Abstract: SA-PO0571
Kidney Cysts and Uncontrolled Hypertension: A Dissecting Diagnosis
Session Information
- Cystic Kidney Diseases: Clinical Research
November 08, 2025 | Location: Exhibit Hall, Convention Center
Abstract Time: 10:00 AM - 12:00 PM
Category: Genetic Diseases of the Kidneys
- 1201 Genetic Diseases of the Kidneys: Monogenic Kidney Diseases
Authors
- Lopez, Jacqueline, University of Utah Health, Salt Lake City, Utah, United States
- Gilligan, Sarah, University of Utah Health, Salt Lake City, Utah, United States
- Ramkumar, Nirupama, University of Utah Health, Salt Lake City, Utah, United States
Introduction
Autosomal dominant polycystic kidney disease (ADPKD), the most common genetic cause of kidney disease, is associated with cardiovascular complications.
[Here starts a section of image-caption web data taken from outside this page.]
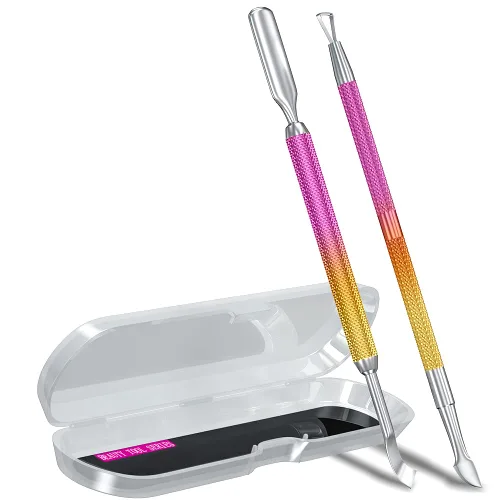 Miniatura 8 de 2 piezas de empujador y raspador de cutículas de metal (sirena azul y púrpura), cortador de uñas, herramienta raspadora de gel de acero inoxidable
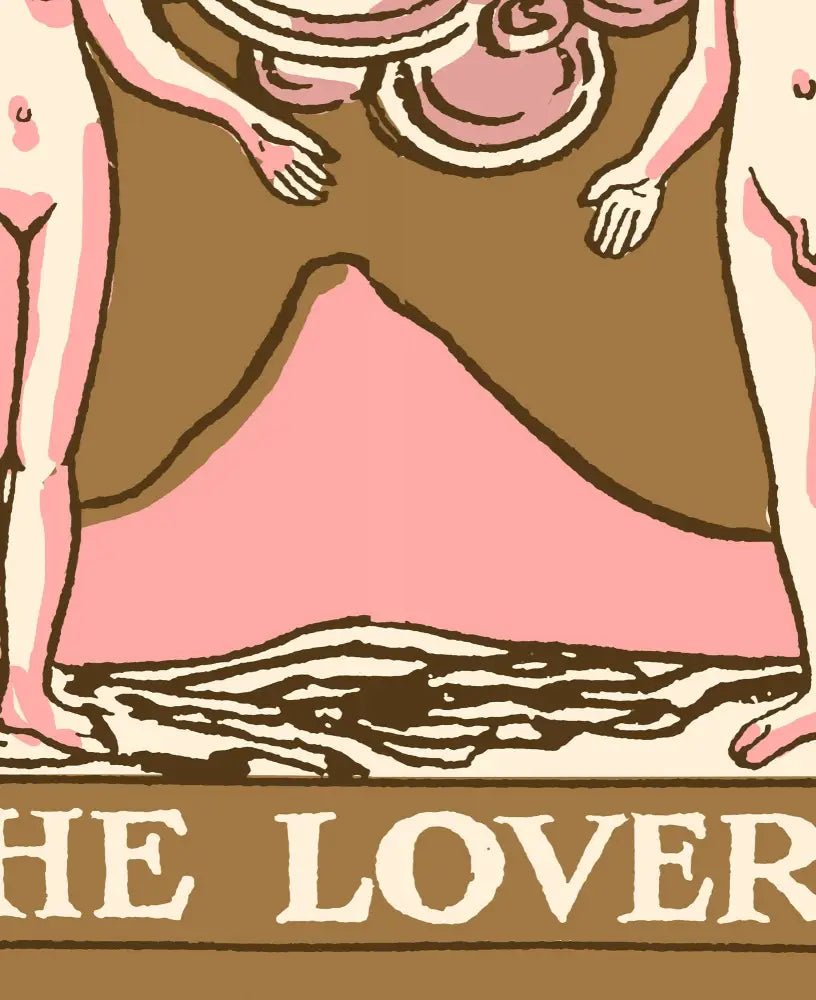 The Lovers Tarot Card Print Neapolitan Pastel Goth Poster Unframed Wall Art Decor by My Store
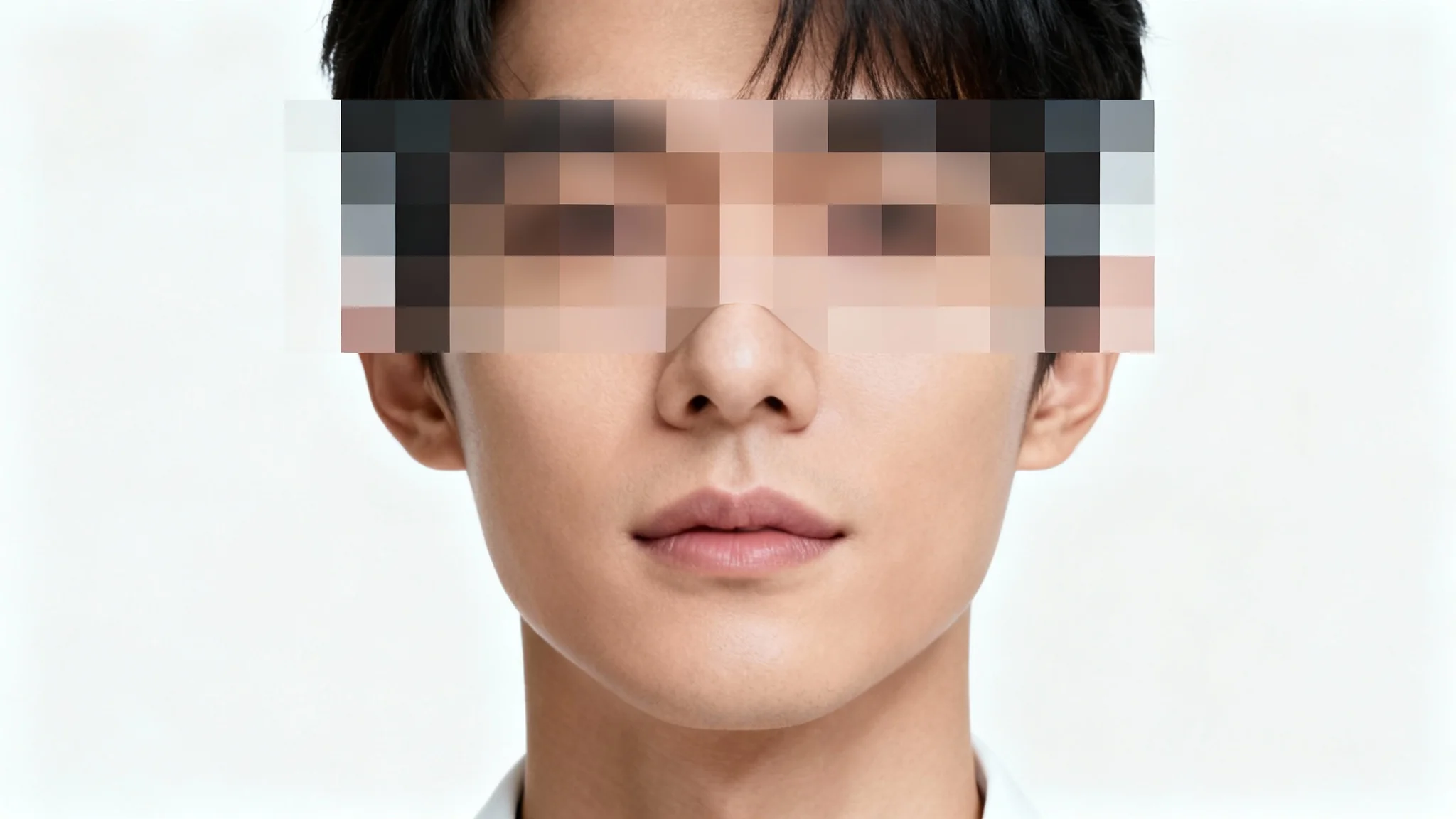 A professional headshot of a person whose eyes and nose are censored with a large pixelated block, demonstrating the image censor feature.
There are guidelines for screening for intracranial aneurysm (ICA), however, a paucity of research regarding the risk of extracranial aneurysms and other vascular abnormalities. Here we discuss the case of a young patient without known medical problems diagnosed simultaneously with aortic dissection and ADPKD.
Case Description
A 30-year-old male presented to the ED with severe back pain. A CT scan revealed thoracic aortic abdominal dissection (TAAD) and massive enlargement of bilateral kidneys measuring 30cm and 26cm with a variety of cysts consistent with ADPKD. Of note, creatinine was 3.4 mg/dL and eGFR was 23 ml/min with unknown baseline. His blood pressure required 5 agents for control but he was in normal health prior to admission with no known medical issues. He was unaware of ADPKD diagnosis but his mom and two cousins have ADPKD and/or end-stage renal disease. During admission he underwent aortic repair and recovered well. His eGFR was 17 ml/min at the time of discharge but was unfortunately lost to follow up. Of note, our patient lacked many known risk factors of aortic dissection including hypertension, collagen disorders, or trauma but did report a history of cigarette smoking.
Discussion
ADPKD is often caused by PKD1 and PKD2 genes and affects multiple organ systems. Notably the expression of PKD1 in vascular smooth muscle and PKD2 in endothelium creates risk factors for ICA, TAAD, and aortic root dilation. Our patient lacked risk factors of vascular dissection upon presentation, raising suspicion of association with his ADPKD. Studies have shown an increased risk of aortic dissection in patients with ADPKD, including a cohort study in Taiwan that found a 5-fold risk increase. This case brings to light the risks and benefits of preemptive screening for vascular anomalies beyond ICA in patients with ADPKD.